> [ACTION ITEM]:
Copy, word for word, the lines of the listing below from the line with "Elegant OL Blazers" up to and including the line with "Boerderij boek met". Drop the pictures.

> [RECORDED INFORMATION]:
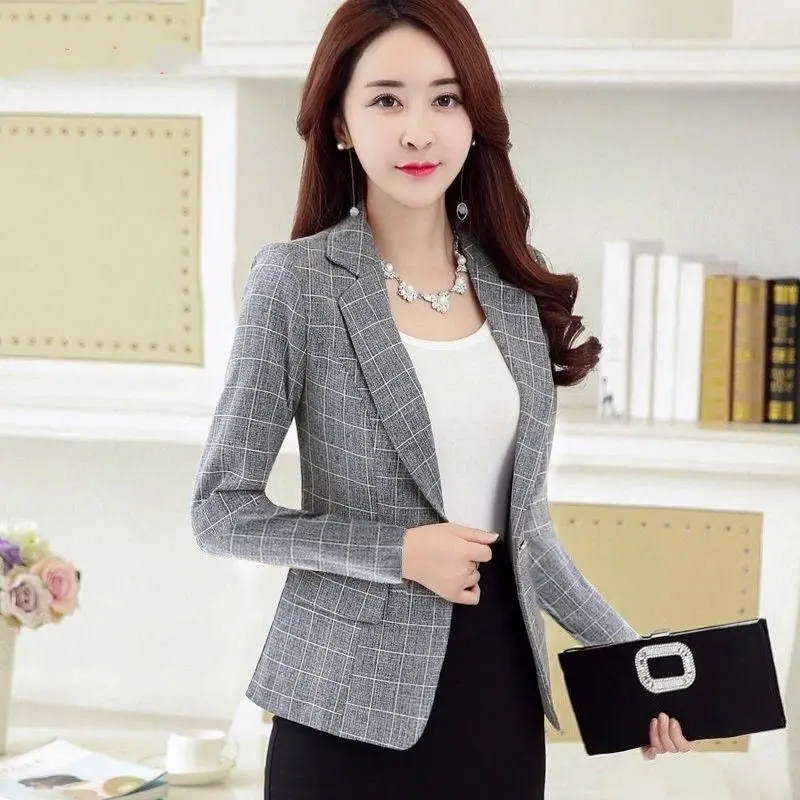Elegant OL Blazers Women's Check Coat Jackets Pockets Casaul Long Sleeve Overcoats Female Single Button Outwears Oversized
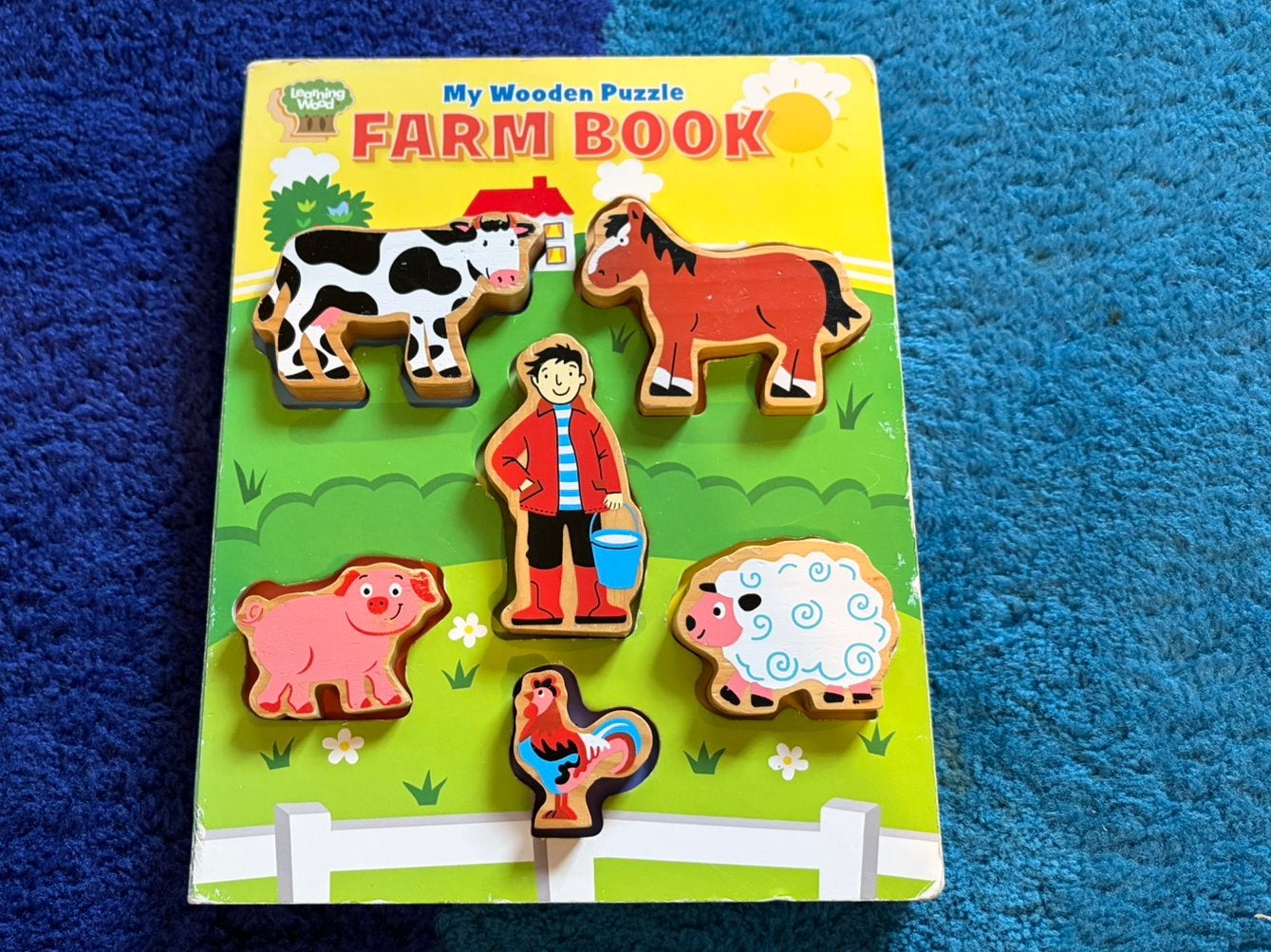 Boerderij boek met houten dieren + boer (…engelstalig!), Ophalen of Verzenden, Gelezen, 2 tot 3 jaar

==

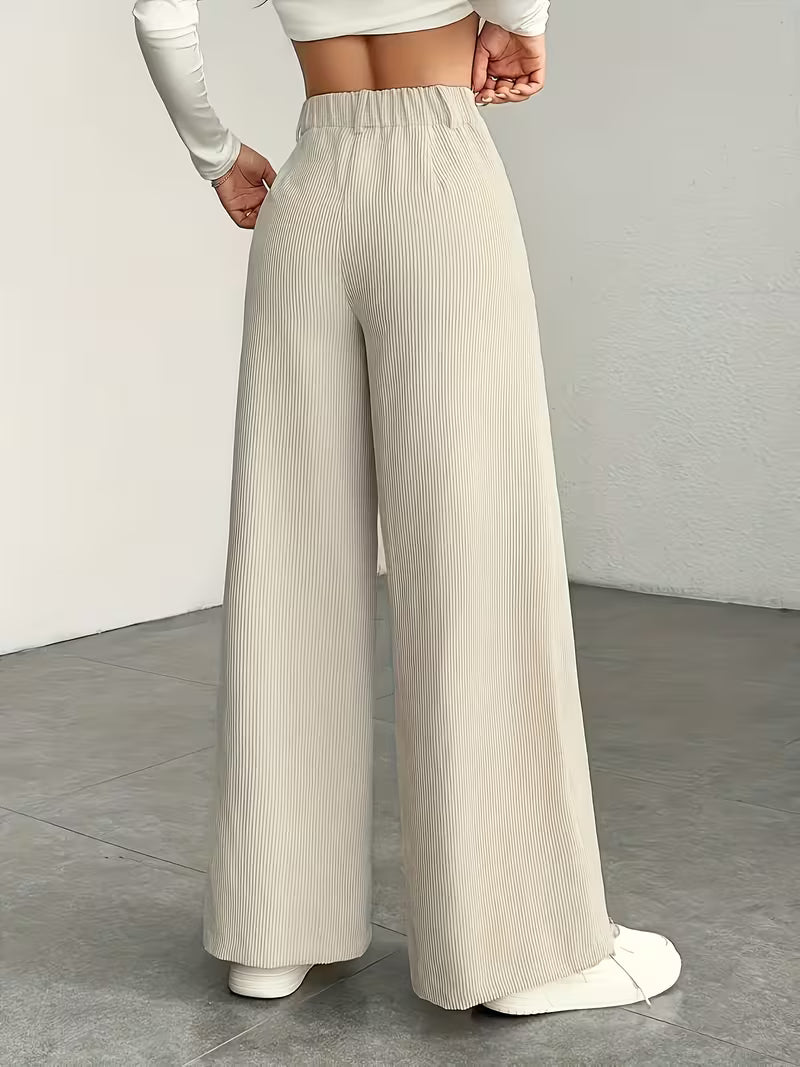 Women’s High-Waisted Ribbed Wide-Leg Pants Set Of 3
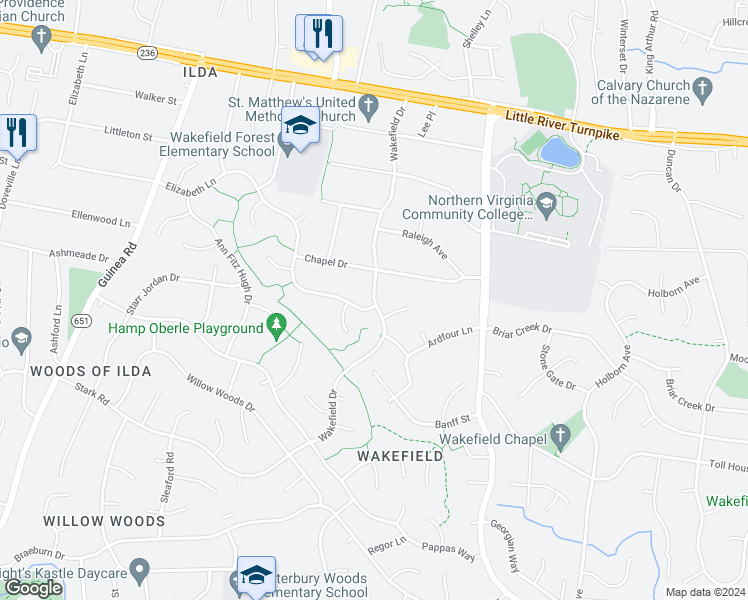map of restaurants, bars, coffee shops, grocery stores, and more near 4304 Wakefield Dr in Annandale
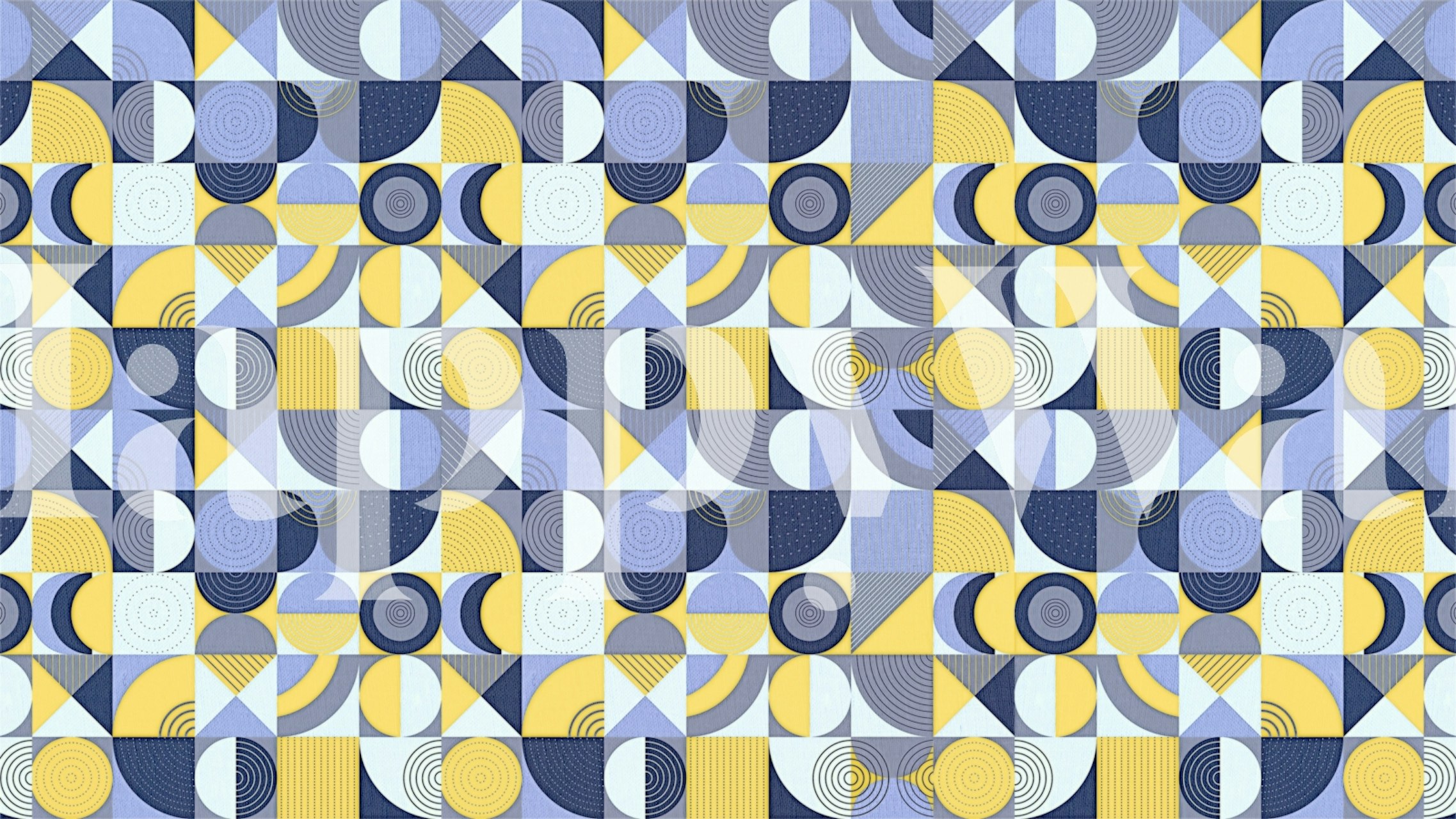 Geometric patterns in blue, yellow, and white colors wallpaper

> [ANSWER]:
Elegant OL Blazers Women's Check Coat Jackets Pockets Casaul Long Sleeve Overcoats Female Single Button Outwears Oversized
 Boerderij boek met houten dieren + boer (…engelstalig!), Ophalen of Verzenden, Gelezen, 2 tot 3 jaar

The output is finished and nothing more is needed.